Table: Case_Participant
Columns:
Case.PrimaryKey
LastName
FirstName
SSN
DLN
OtherUniqueIdentifiers
Note that any of the columns above can be used as query parameters.
Rather than guess, measure. Collect statistics of usage (queries run), look at the engine own statistics like sys.dm_db_index_usage_stats and then you make an informed decision: the partition that bests balances data size and gives best affinity for the most often run queries will be a good candidate. Of course you'll have to compromise.
Also don't forget that partitioning is per index (where 'table' = one of the indexes), not per table, so the question is not what to partition on, but which indexes to partition or not and what partitioning function to use. Your clustered indexes on the two tables are going to be the most likely candidates obviously (not much sense to partition just a non-clustered index and not partition the clustered one) so, unless you're considering redesign of your clustered keys, the question is really what partitioning function to choose for your clustered indexes.
If I'd venture a guess I'd say that for any data that accumulates over time (like 'cases' with a 'year') the most natural partition is the sliding window.
If you have no other choice you can partition by key module the number of partition tables.
Lets say that you want to partition to 10 tables.
You will define tables:
Case00
Case01
...
Case09
And partition you data by UniqueIdentifier or PrimaryKey module 10 and place each record in the corresponding table (Depending on your unique UniqueIdentifier you might need to start manual allocation of ids).
When performing a query, you will need to run same query on all tables, and use UNION to merge the result set into a single query result.
It's not as good as partitioning the tables based on some logical separation which corresponds to the expected query, but it's better then hitting the size limit of a table.
Another possible thing to look at (before partitioning) is your model.
Are you in a normalized database?

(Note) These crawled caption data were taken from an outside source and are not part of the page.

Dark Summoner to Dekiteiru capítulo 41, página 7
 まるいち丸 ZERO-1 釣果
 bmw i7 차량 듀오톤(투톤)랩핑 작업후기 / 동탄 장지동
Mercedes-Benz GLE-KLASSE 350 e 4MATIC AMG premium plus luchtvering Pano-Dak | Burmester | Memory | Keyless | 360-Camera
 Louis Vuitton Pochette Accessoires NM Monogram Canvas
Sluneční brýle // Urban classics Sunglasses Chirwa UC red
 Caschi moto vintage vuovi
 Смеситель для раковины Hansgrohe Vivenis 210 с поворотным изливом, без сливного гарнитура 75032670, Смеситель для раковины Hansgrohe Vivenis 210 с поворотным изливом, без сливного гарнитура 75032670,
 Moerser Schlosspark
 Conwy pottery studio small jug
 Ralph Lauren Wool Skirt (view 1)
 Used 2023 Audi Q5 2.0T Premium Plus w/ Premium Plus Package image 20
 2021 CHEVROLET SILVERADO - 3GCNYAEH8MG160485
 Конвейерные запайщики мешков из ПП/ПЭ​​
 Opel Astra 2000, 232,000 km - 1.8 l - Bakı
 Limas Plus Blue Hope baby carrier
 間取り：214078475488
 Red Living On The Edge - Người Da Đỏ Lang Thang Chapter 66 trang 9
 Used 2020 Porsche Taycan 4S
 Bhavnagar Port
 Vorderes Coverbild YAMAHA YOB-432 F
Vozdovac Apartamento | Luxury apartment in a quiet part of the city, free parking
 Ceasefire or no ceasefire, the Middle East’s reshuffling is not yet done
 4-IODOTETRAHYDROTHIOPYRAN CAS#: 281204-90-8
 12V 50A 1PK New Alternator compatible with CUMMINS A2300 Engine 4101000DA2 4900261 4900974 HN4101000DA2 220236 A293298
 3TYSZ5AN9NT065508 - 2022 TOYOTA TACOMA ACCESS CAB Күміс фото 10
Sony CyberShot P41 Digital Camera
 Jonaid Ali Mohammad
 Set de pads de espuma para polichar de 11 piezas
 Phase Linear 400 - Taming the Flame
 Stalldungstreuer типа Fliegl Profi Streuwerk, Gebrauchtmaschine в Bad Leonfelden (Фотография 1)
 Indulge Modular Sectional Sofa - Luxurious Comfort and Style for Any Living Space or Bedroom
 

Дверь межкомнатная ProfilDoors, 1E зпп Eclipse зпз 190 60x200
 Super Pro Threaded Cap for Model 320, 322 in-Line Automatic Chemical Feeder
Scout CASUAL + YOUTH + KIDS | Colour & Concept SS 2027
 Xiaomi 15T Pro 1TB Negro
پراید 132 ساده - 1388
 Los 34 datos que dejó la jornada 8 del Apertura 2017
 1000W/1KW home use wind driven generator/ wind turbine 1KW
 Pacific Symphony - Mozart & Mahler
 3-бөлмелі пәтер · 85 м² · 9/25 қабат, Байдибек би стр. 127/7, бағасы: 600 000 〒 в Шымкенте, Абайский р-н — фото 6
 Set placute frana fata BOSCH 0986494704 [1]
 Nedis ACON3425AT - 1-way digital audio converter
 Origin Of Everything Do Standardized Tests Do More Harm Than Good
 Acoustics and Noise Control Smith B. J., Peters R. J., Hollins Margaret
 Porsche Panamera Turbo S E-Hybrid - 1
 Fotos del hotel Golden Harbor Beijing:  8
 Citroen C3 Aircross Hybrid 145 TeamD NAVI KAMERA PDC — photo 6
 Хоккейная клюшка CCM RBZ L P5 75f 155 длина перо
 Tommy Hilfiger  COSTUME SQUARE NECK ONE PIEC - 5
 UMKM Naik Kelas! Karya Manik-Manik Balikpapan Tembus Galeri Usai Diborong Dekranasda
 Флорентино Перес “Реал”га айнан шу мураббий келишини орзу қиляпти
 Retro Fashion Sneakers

Are there further steps which could improve performance by different choices in the normalization/de-/partial-normalization? Are there options to transform the data into a Kimball-style dimensional star model which is optimal for reporting/querying?
If you aren't going to drop partitions of the table (sliding window, as mentioned) or treat different partitions differently (you say any columns can be used in the query), I'm not sure what you are trying to get out of the partitioning that you won't already get out of your indexing strategy.
I'm not aware of any table limits on rows. AFAIK, the number of rows is limited only by available storage.